Mísseis, fuzis e veneno: as armas da Rússia contra seus inimigos
Envenenar desafetos é uma prática que vem desde os tempos da União Soviética e começou em 1920, em um laboratório secreto
Internacional|Do R7
A morte por envenenamento do cientista russo Vitaly Melnikov, de 77 anos, na semana passada chamou atenção mais pelo motivo: Melnikov era responsável pelo Departamento Espacial da Rússia e chefiou o desenvolvimento e envio da sonda Luna-25, que se espatifou na superfície da Lua em agosto. Sua morte seria uma retaliação ao fato de o cientista ter “desonrado” a Mãe Rússia, como apontaram tabloides de todo o mundo, entre eles o famoso The Sun, do Reino Unido.
Já a forma como ele morreu não foi exatamente uma surpresa: o cientista foi envenenado, supostamente, por cogumelos não comestíveis. Mas por qual motivo uma das pessoas mais inteligentes do mundo, capaz de lançar um foguete ao espaço, comeria um cogumelo venenoso?
A resposta provavelmente nunca será descoberta — e também não é preciso. Nessas horas, os russos se recordam de uma tradição que remonta aos tempos da União Soviética, a de matar desafetos do governo com veneno.
Laboratório secreto
Os soviéticos são amplamente reconhecidos por terem desenvolvido e usado venenos e agentes tóxicos para fins de assassinato e espionagem ao longo de sua história. Muitas dessas atividades foram conduzidas sob a alçada da NKVD e, mais tarde, da KGB, as principais agências de segurança e inteligência soviéticas.

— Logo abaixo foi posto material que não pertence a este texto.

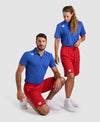 PANTALONCINI ARENA TEAM BERMUDA PANEL NUOTO UNISEX PISCINA ROSSO RED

O marco inicial dessa jornada tóxica começa com o “Laboratório Especial” (também chamado de "Câmara 12" ou "Laboratório X"). Fundado na década de 1920, esse lugar era um laboratório secreto responsável pelo desenvolvimento de venenos para ser usados contra inimigos do Estado soviético.
O laboratório testou seus venenos em desafetos como Leon Trotsky, líder revolucionário e rival de Stalin, e Georgi Markov, um dissidente búlgaro, que foi assassinado em Londres por um pequeno dardo envenenado com ricina, disparado de um guarda-chuva.
Como era de imaginar, a União Soviética nunca assumiu ser responsável por essas mortes. O livro The KGB's Poison Factory (A Fábrica de Venenos da KGB), escrito por Boris Volodarsky, ex-oficial da inteligência militar russa, porém, joga um pouco de luz sobre as práticas soviéticas. Em suas páginas, encontra-se um relato detalhado dos métodos empregados pela KGB (e seus predecessores) no uso de venenos para assassinar oponentes do regime soviético.
'Novato'
Entre 1971 e 1993, a União Soviética desenvolveu secretamente uma classe de agentes nervosos chamados Novichok. Essa é a quarta geração de agentes nervosos e foi projetada para ser mais letal do que versões anteriores, como o sarin e o VX.
A palavra "Novichok" significa "novato" ou "recém-chegado" em russo, o que sugere que esses agentes eram algo novo ou diferente em relação aos agentes nervosos existentes.
Os agentes Novichok ganharam atenção mundial após terem sido usados em tentativas de assassinato de alto perfil, como o envenenamento de Serguei Skripal e de sua filha Yulia na Inglaterra, em 2018.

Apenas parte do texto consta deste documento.